• [What is expected] Skip the pictures and write out, word for word, the lines below from the one with "Tourist at the" through the one with "5012 Lake Crest", inclusive.

• [Task material]
◆ ◆ ◆ ◆
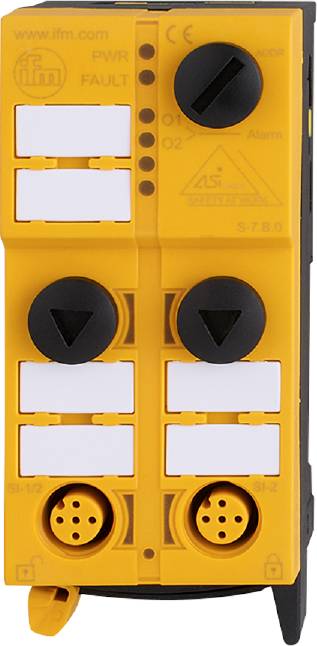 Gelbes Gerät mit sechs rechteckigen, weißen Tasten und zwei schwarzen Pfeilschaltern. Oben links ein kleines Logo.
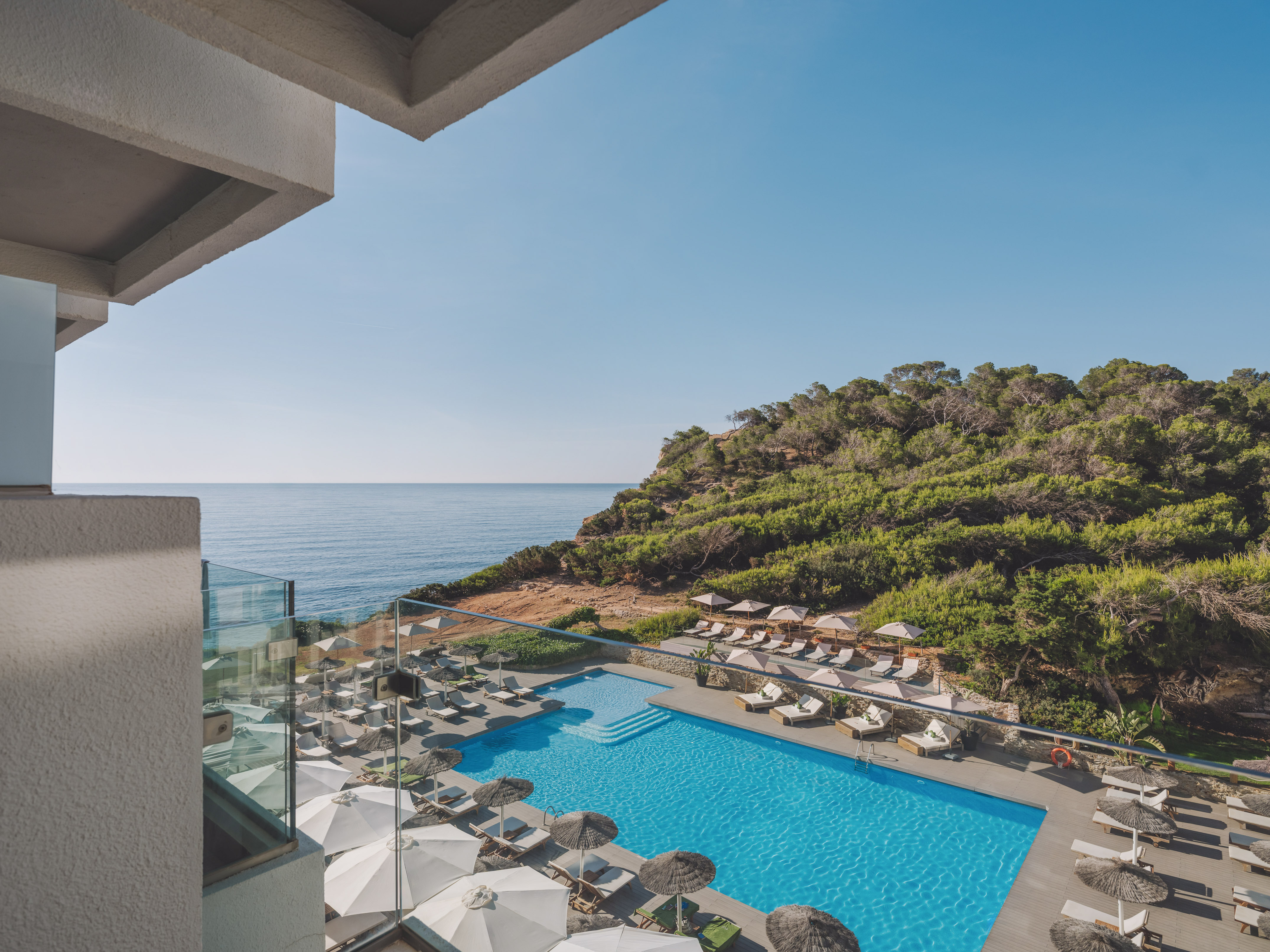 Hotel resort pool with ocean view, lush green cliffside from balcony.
◆ ◆ ◆ ◆
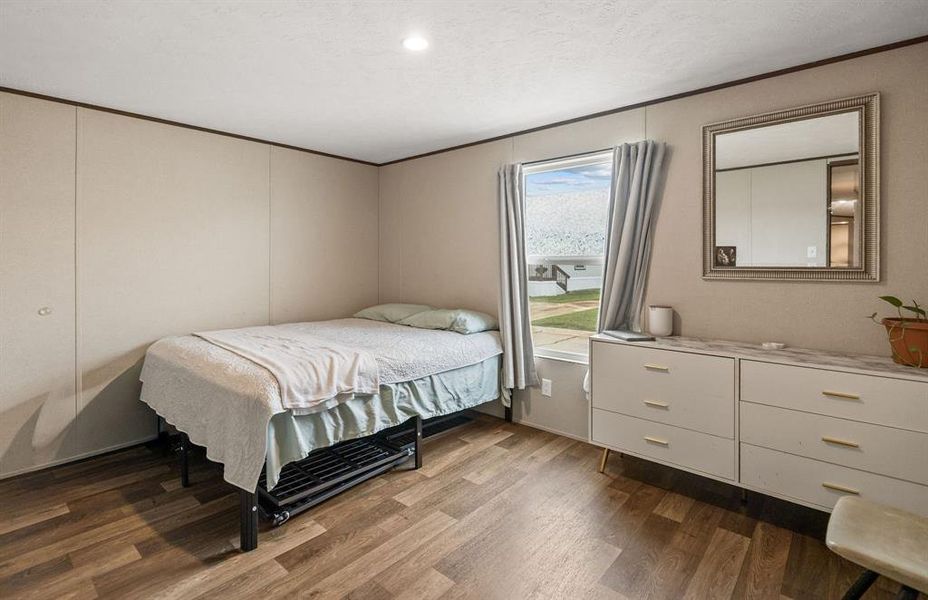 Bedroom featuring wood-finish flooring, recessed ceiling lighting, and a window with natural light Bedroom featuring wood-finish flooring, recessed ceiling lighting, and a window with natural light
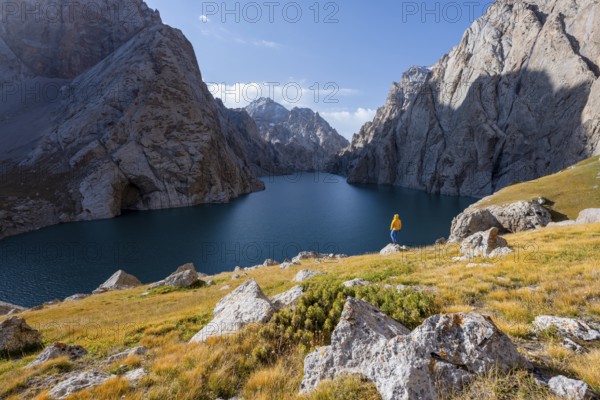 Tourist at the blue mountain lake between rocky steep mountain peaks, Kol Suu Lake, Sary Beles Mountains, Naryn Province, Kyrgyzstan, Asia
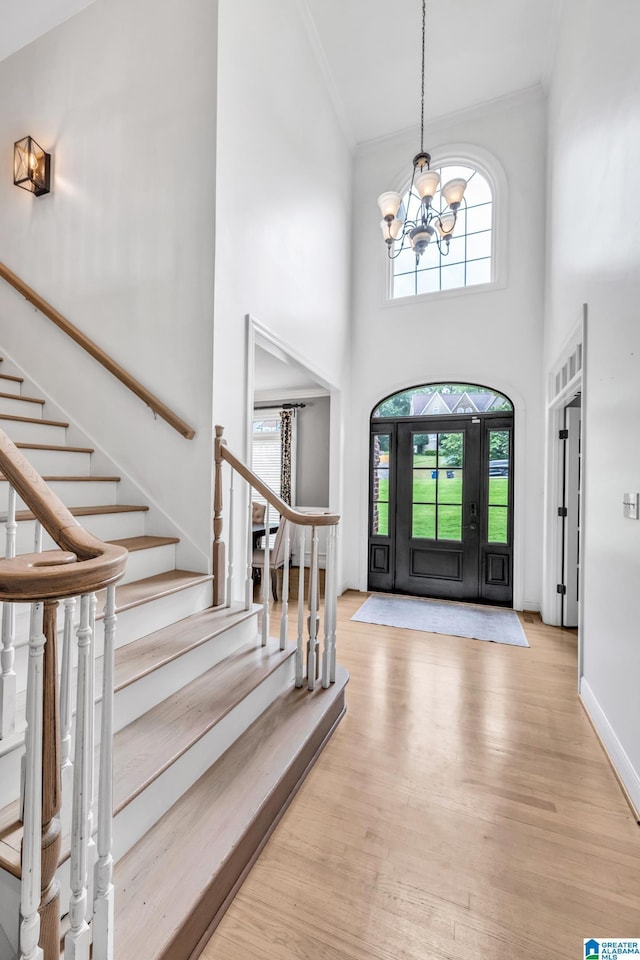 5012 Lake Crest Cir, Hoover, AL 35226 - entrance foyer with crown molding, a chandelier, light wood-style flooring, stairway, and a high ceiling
◆ ◆ ◆ ◆
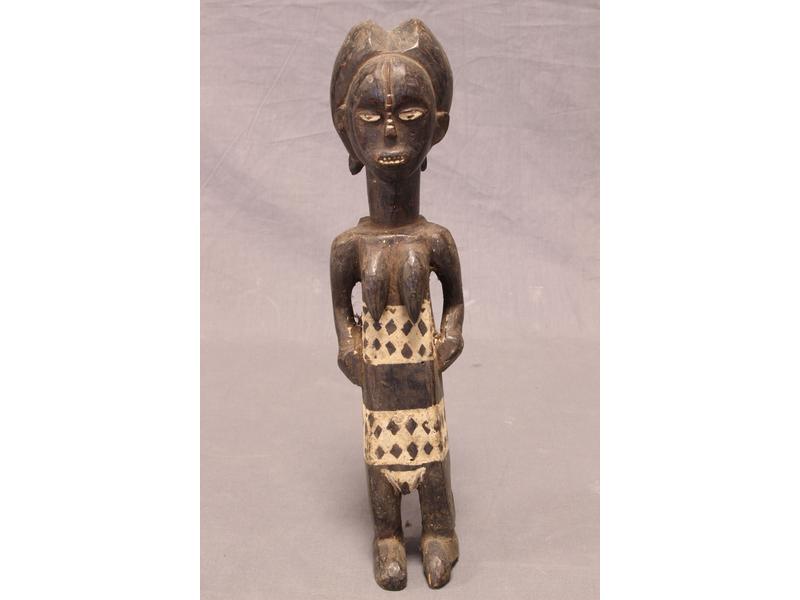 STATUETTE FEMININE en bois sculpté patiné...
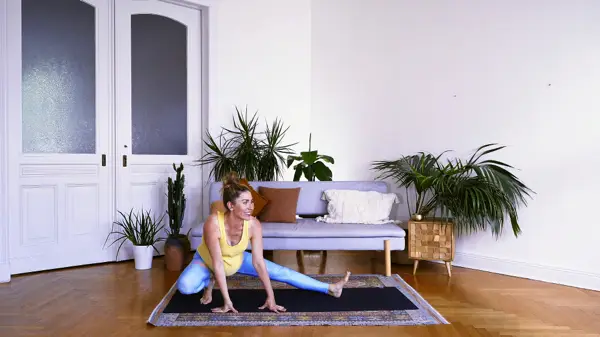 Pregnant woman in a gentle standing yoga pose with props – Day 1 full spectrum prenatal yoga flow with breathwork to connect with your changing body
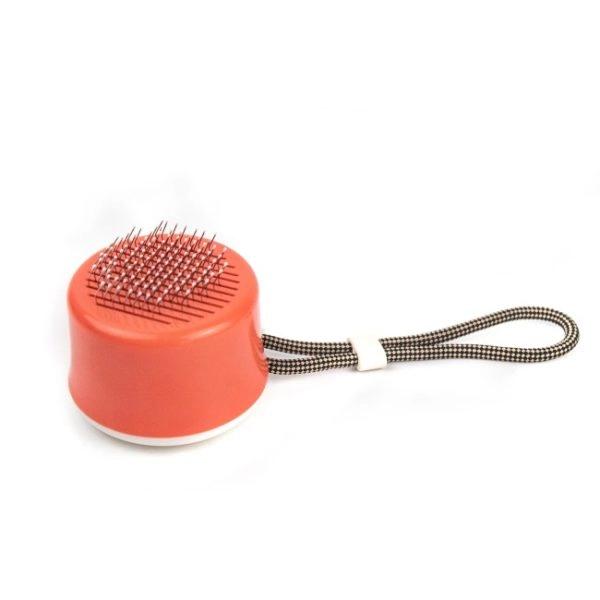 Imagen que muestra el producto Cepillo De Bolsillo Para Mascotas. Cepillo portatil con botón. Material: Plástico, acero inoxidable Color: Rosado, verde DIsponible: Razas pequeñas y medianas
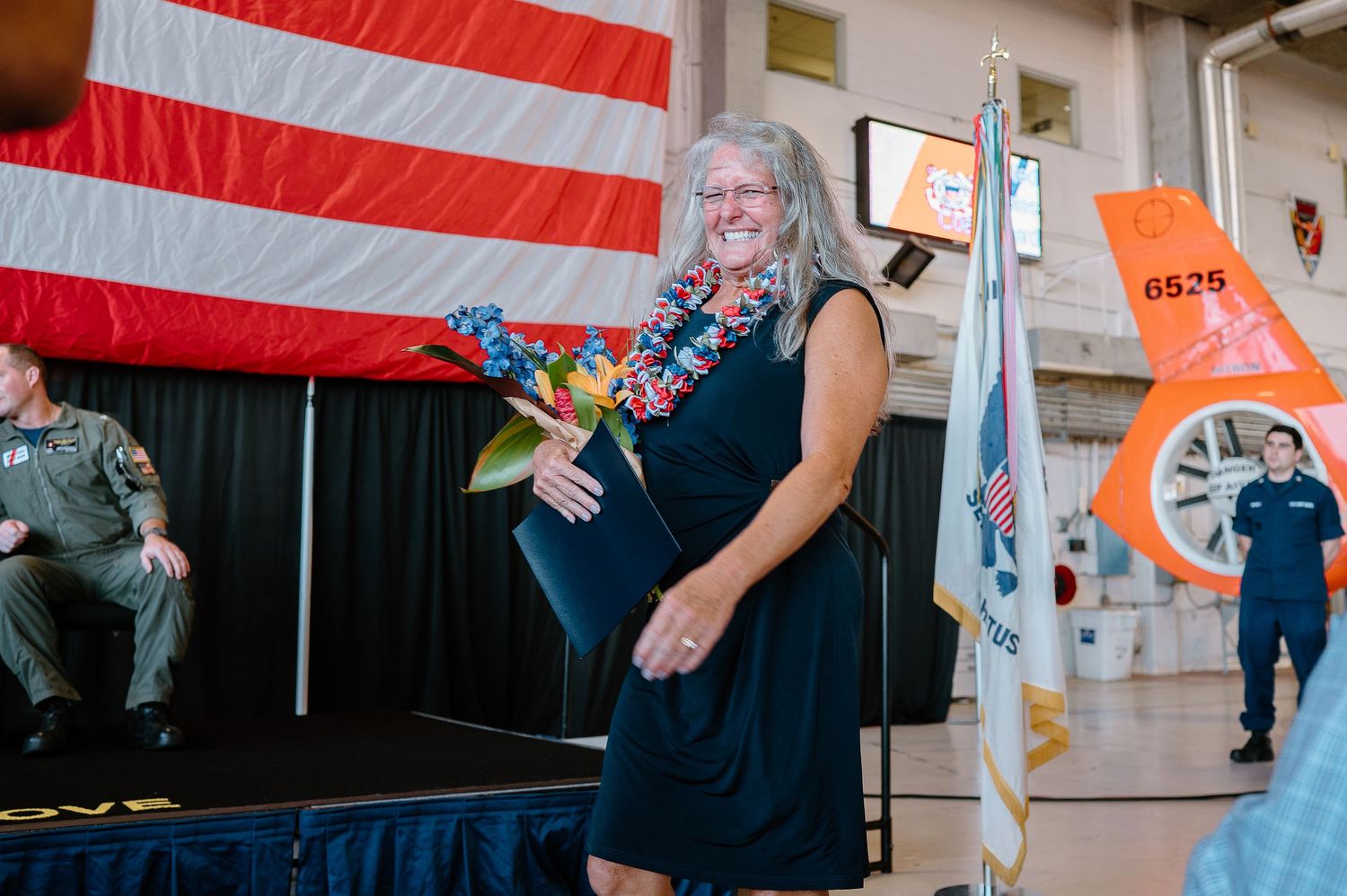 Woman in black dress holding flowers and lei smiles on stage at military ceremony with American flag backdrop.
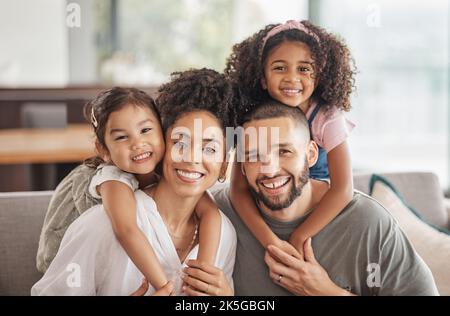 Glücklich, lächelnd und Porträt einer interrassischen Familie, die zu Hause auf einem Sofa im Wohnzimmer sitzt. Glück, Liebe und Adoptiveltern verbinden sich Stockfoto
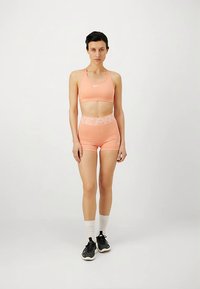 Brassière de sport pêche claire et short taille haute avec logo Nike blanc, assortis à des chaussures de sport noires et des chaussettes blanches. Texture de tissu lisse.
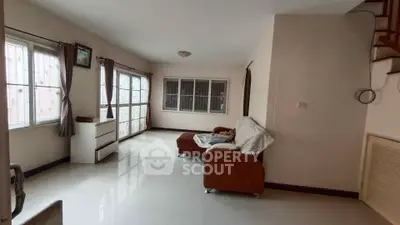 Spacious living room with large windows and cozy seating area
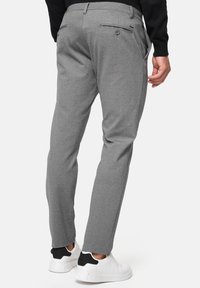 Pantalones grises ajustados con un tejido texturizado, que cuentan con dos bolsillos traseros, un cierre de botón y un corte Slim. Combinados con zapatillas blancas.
◆ ◆ ◆ ◆
• [Answer to this task]
 Tourist at the blue mountain lake between rocky steep mountain peaks, Kol Suu Lake, Sary Beles Mountains, Naryn Province, Kyrgyzstan, Asia
 5012 Lake Crest Cir, Hoover, AL 35226 - entrance foyer with crown molding, a chandelier, light wood-style flooring, stairway, and a high ceiling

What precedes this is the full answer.